Q: Suppose somebody drives a great big stretch Cadillac down and puts it in a parking lot, and pulls all the curtains around it, including the one over the windshield and around all the rest of them. Would that be a home?

Or how about this exchange back in 1982, (and the subject of which is once again a hot topic of debate in the US). In Board of Education v.Pico, the question before the Court was whether a public school board could remove books which it found to be objectionable from the shelves of junior and senior high school libraries, in order to promote the community's "moral, social, and political values." 

Q: Suppose they [the Board] barred the St. James version of the New Testament, and the Constitution of the United States, and the Declaration of Independence?

Q: Suppose some of these books were assigned as outside reading, and the children were told, you can get it in the public library?

Q. Suppose you had a book, counsel, that had been the subject of criminal proceedings, and conviction of someone in connection with that book had been sustained, a criminal conviction.
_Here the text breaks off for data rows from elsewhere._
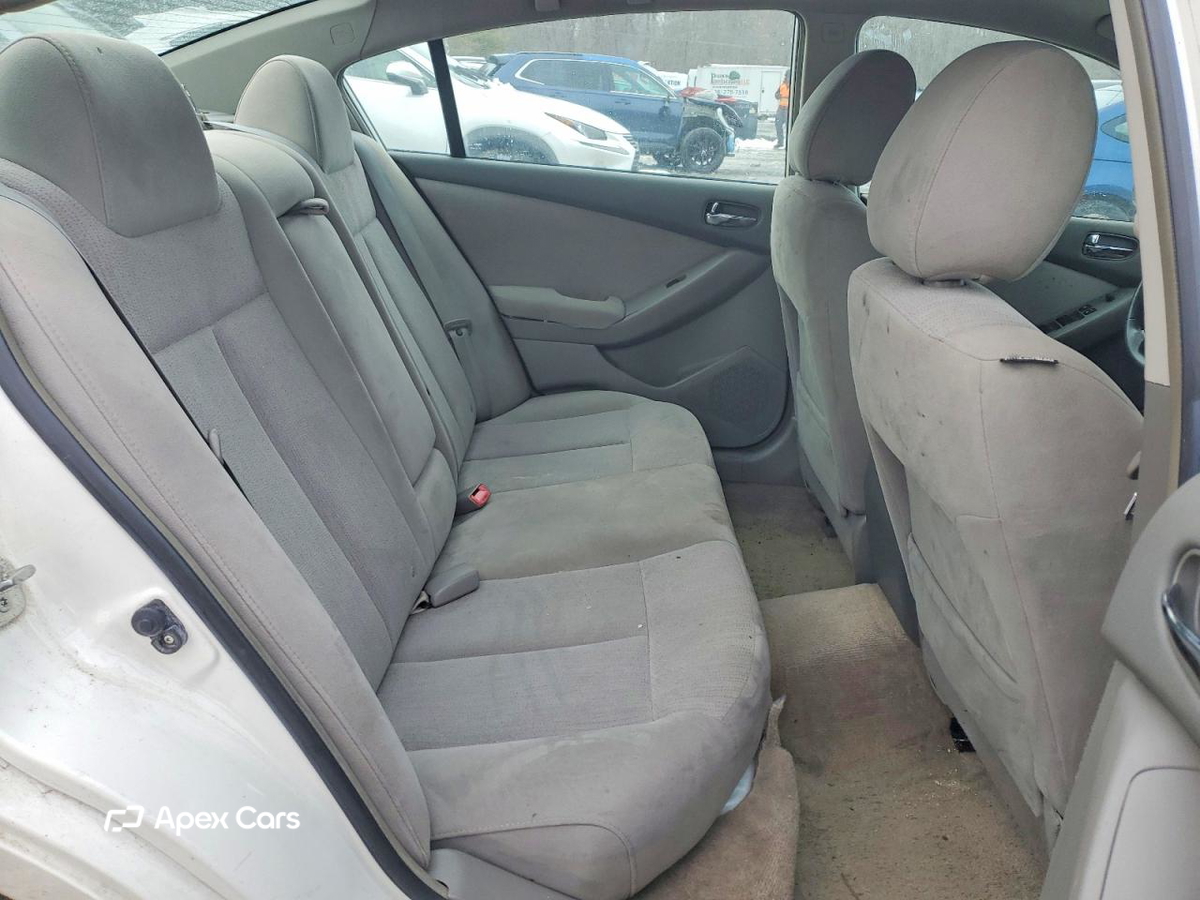 Nissan Altima 2011
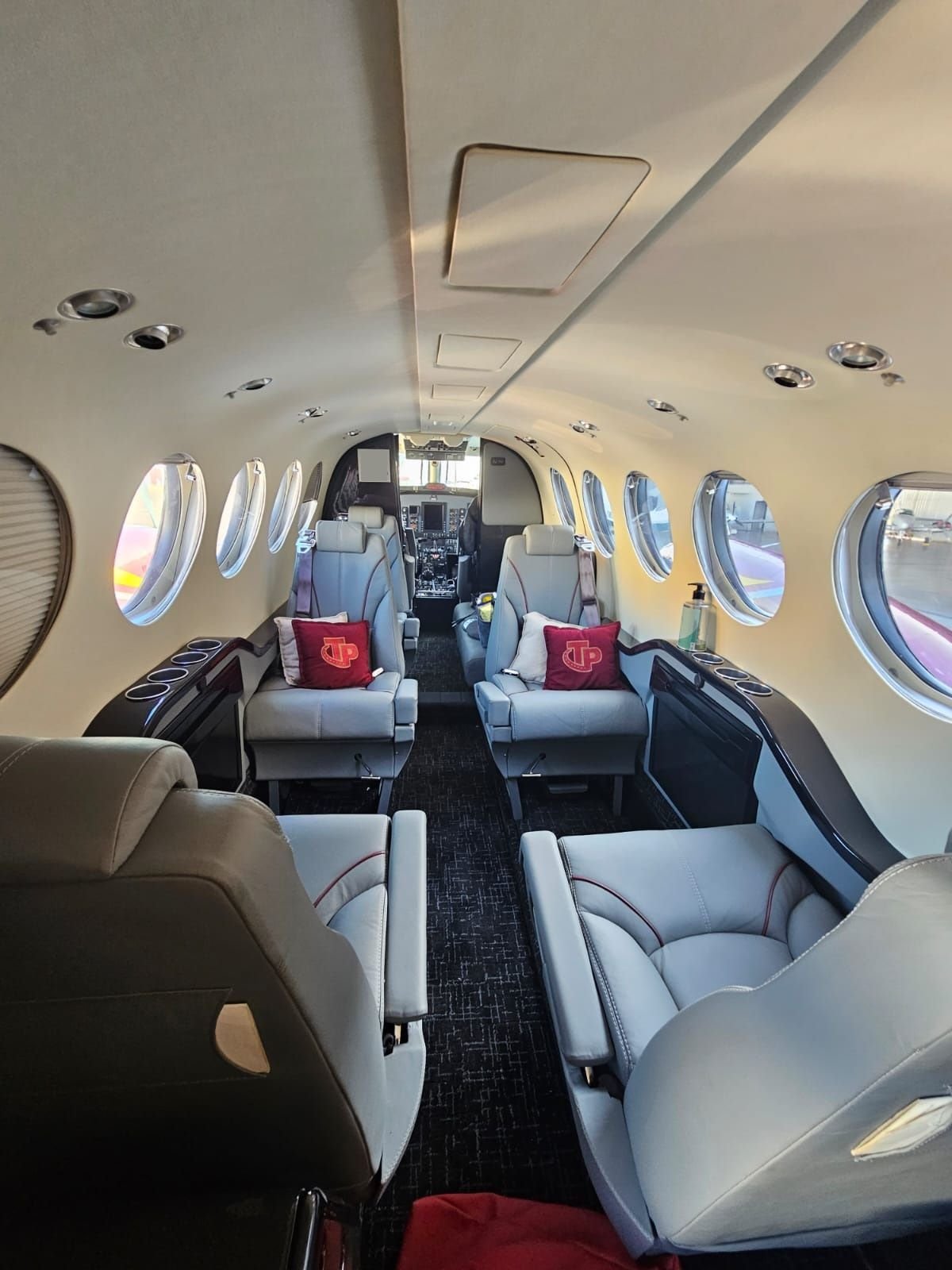 BEECHCRAFT KING AIR B200 BLACKHAWK 1996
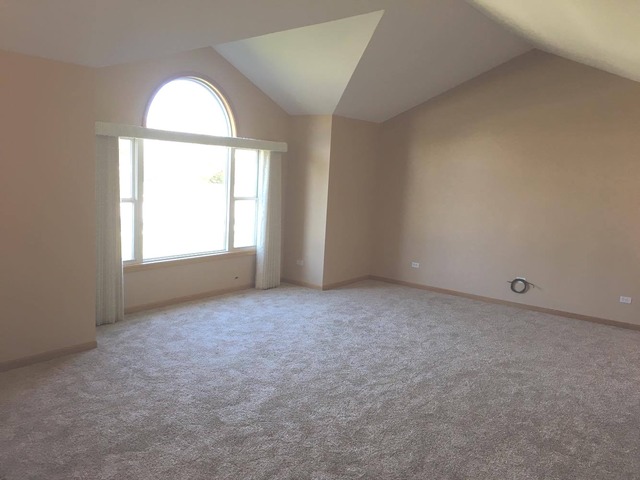 1645 Fox Hound Trl, Beecher, IL 60401 photo 2
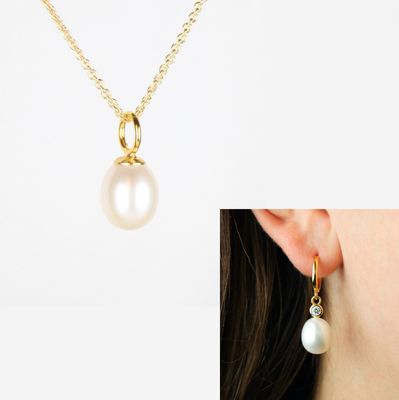 Smykkesæt - forgyldt med hvide ferskvandsperler &amp; rhinsten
Would you say that the book comes under this broad authority you suggest? 

(By the way, the Court, in a 5-to-4 decision, held that as centers for voluntary inquiry and the dissemination of information and ideas, school libraries enjoy a special affinity with the rights of free speech and press. Therefore, the School Board could not restrict the availability of books in its libraries simply because its members disagreed with their content. That might be useful to remember.)

There are many, many similar examples. Here is one of my favorites. It comes from United States v. Ross, in which the defendant’s lawyer argued that a small brown paper bag should not have been searched for narcotics because it was protected under the Fourth Ammendment, the right against unlawful search. Here is one of the hypotheticals:

Q: Suppose what they were hunting for was, say, a waffle iron, a stolen waffle iron, or something else that couldn't go in the paper bag. You might have probable cause to search the car for the waffle iron, but if you got to the paper bag, you wouldn't be searching it, would you?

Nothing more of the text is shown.